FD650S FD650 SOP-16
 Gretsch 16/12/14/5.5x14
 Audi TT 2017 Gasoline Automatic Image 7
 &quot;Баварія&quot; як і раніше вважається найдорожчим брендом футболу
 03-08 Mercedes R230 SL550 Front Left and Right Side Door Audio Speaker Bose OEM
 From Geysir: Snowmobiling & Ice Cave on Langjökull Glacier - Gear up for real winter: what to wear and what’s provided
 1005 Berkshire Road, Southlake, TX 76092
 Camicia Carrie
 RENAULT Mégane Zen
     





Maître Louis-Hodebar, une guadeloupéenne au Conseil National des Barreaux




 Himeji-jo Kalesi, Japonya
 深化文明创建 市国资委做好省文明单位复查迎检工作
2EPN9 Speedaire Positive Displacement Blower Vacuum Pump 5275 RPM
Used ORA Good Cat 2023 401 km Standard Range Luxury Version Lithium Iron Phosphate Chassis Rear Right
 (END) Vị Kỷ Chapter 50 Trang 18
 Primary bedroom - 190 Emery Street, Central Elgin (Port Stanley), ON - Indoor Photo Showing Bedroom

****

[Problem statement]: Your answer must be the line containing "深化文明创建 市国资委做好省文明单位复查迎检工作" and every line after it through the end of the records above, reproduced exactly and alone.

[Reply to the exercise]:
 深化文明创建 市国资委做好省文明单位复查迎检工作
2EPN9 Speedaire Positive Displacement Blower Vacuum Pump 5275 RPM
Used ORA Good Cat 2023 401 km Standard Range Luxury Version Lithium Iron Phosphate Chassis Rear Right
 (END) Vị Kỷ Chapter 50 Trang 18
 Primary bedroom - 190 Emery Street, Central Elgin (Port Stanley), ON - Indoor Photo Showing Bedroom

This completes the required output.